Kafka Serializers Avro Pt1

Serializing with Apache Avro🔗

🧩 What is Avro?🔗

Apache Avro is a data serialization system — meaning it defines how data is structured, stored, and transmitted between systems in a compact and efficient way.

It was created by Doug Cutting (also the creator of Hadoop and Lucene) to solve a common problem in distributed systems:

“How do you exchange complex structured data between systems written in different languages — without losing type information or causing compatibility issues?”

⚙️ How Avro Works🔗

At its core, Avro works with two components:

Schema – Defines the structure (fields, types, defaults) of your data.
Data – The actual binary or JSON-encoded data following that schema.

So Avro separates “what the data looks like” (schema) from “what the data is” (values).

📄 Avro Schema Example (in JSON)🔗

Here’s how a simple Avro schema looks:

{
  "type": "record",
  "name": "Employee",
  "namespace": "com.company",
  "fields": [
    {"name": "id", "type": "int"},
    {"name": "name", "type": "string"},
    {"name": "department", "type": ["null", "string"], "default": null}
  ]
}

This defines a record with three fields:

id (integer)
name (string)
department (optional string — can be null)

💾 Serialization and Deserialization🔗

Serialization: Converting data (e.g., a Python object) into Avro binary using the schema.
Deserialization: Reading Avro binary data back into a usable form using the same or compatible schema.

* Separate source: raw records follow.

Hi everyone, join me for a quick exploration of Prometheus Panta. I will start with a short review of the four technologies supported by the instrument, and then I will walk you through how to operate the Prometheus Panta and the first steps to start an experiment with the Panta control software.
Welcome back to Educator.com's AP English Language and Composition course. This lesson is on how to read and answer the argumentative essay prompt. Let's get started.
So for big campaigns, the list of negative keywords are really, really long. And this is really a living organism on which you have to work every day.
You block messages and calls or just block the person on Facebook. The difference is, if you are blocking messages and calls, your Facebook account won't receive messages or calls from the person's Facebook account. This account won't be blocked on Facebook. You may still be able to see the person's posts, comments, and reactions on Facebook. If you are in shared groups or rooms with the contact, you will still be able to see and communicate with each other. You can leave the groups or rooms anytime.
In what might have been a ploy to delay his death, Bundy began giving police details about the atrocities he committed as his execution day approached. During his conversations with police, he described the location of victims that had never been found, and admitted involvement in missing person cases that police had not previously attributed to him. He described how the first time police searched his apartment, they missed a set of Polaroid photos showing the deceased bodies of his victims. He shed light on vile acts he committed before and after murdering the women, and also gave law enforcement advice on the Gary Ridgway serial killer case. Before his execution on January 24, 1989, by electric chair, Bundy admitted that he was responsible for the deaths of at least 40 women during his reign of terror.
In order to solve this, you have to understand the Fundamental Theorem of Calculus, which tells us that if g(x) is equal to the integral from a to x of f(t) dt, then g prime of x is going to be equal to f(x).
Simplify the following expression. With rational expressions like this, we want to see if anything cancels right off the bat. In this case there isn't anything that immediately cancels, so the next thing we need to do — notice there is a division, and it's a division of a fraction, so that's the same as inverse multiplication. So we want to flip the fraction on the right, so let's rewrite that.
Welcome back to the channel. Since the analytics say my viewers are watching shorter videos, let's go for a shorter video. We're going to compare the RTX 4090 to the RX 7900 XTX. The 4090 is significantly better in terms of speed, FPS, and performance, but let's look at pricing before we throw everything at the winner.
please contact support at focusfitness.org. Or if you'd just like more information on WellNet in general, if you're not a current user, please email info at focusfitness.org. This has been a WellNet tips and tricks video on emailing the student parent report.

Because the schema is embedded in Avro files, they are self-describing — any system can read them if it supports Avro.

🧠 Why Avro Is Special🔗

Here are Avro’s key advantages:

Feature	Description
🗂️ Schema-based	Data has a well-defined structure stored in JSON format.
⚡ Compact Binary Format	Binary encoding reduces file size and improves I/O performance.
🔄 Schema Evolution	You can change schemas over time (add, rename, remove fields) without breaking existing consumers.
🌐 Language Neutral	Works with many languages (Java, Python, C++, Go, etc.).
💬 Great for Messaging Systems	Used in Kafka, Redpanda, and Schema Registry setups.
🧱 Splittable and Compressible	Ideal for big data systems (Hadoop, Spark, Hive).

🔄 Schema Evolution in Avro🔗

This is the most powerful part — and the reason Avro is heavily used in Kafka.

Suppose your producer’s old schema was:

{"name": "id", "type": "int"}

Now you update it to:

{
  "type": "record",
  "name": "Employee",
  "fields": [
    {"name": "id", "type": "int"},
    {"name": "email", "type": ["null", "string"], "default": null}
  ]
}

✅ Avro allows backward and forward compatibility:

Backward-compatible: New consumers can read old data.
Forward-compatible: Old consumers can read new data (using defaults for new fields).

That’s why Kafka uses Avro with a Schema Registry — to ensure producers and consumers can evolve independently.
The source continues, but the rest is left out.